In horror, Bumbarella realized she had chipped a nail in the confusion.
Now where on earth would she find a good nail salon in this backwater?
There were no shopping malls around for miles!
"Now see here,you warty pond dwellers!" she screamed angrily."Look at my perm! Now I'll have to spend hours under Thelma's PermoMat hair dryer to get my curls back in rhythm!"
Oh,the horror,the horror .......
A movement behind her made her turn around.
The big teddy was removing its makeup,and it was actually using a generic compact mirror at that! Really? Who in this modern age used 1950s accessories any more? That went out with straightening your hair Marsha Brady style on the ironing board!
Sheesh!
Suddenly the makeup was removed and it stared at her with evil in its heart.
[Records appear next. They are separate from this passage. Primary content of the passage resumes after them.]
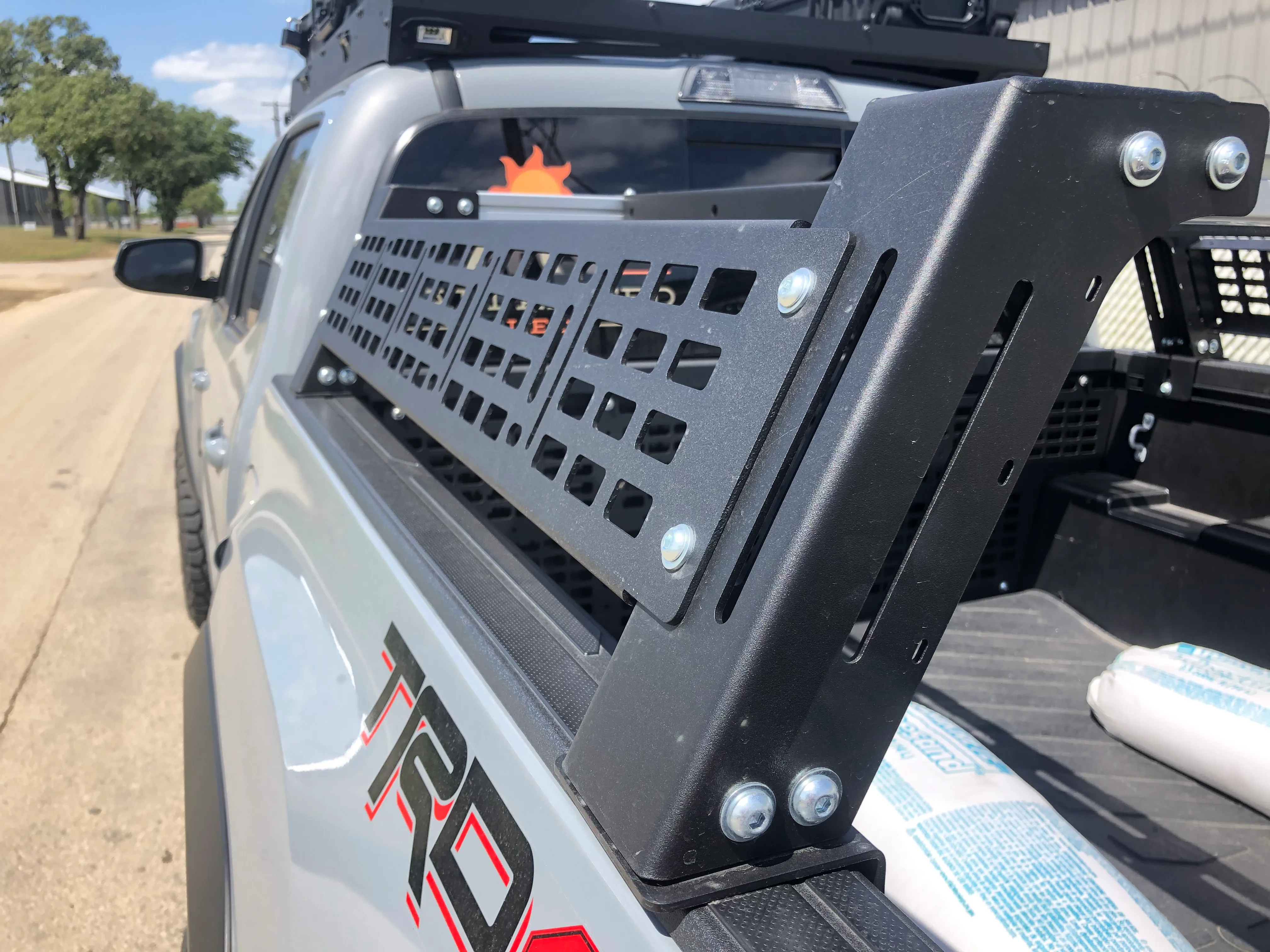 Cali Raised LED 2005-2023 Toyota Tacoma Overland Bed Rack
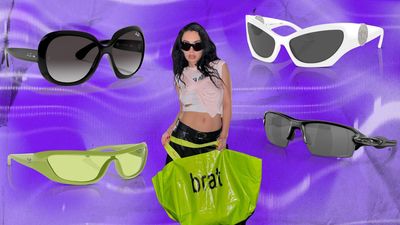 12 Brat Sunglasses To Live Out Your Charli xcx Era Instead of Getting FOMO Over The Sweat Tour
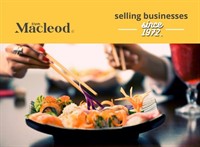 well set up sushi - 1
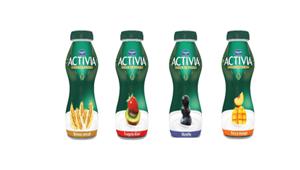 Nasce Activia da bere. A supporto campagna tv, digital e btl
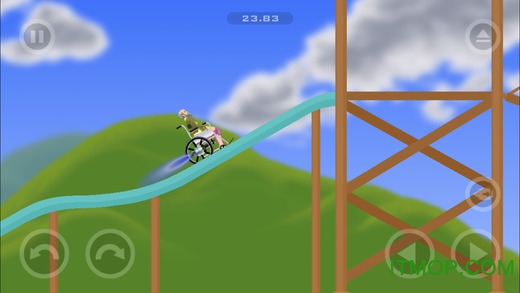 胖子死亡独轮车中文破解版(happy wheels) 胖子死亡独轮车中文破解版(happy wheels)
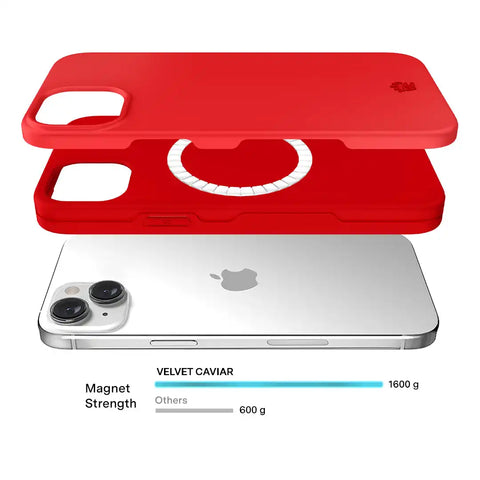 Hot Girl Red iPhone Case
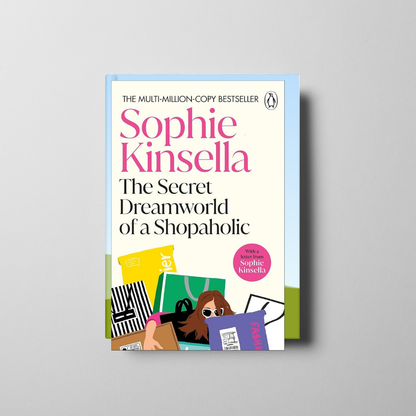 The Secret Dreamworld of a Shopaholic Book Cover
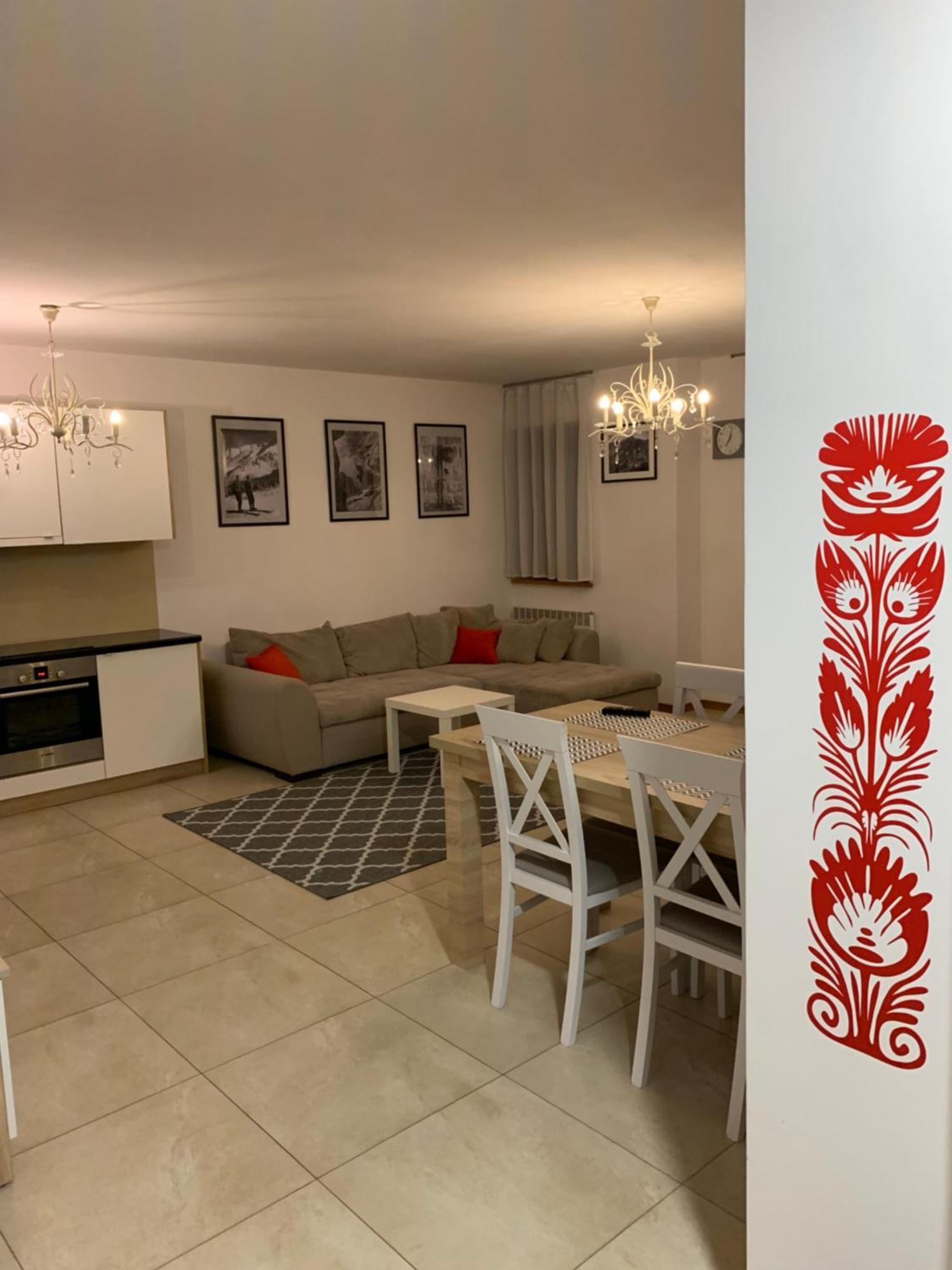 Apartamenty Tomalowka Kościelisko Exteriér fotografie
The left eye was torn out.A few lonesome threads dangled in the empty spot left behind.
Its once luxurious fur was caked in spots with a dried,crusty residue,and it stank of attic mustiness.Once, perhaps,it had been a beloved toy bear sitting at at the tea party with Muffy and Lulu, enjoying the bourgeoisness of sipping air from dainty little cups with frosted periwinkles,but then something had happened to it.....
Lulu's depraved older brother,Waldo Walderson,the kid no one liked,.......
"Oh my God,"Bumbarella shrieked,"it's a sexually abused teddy bear!"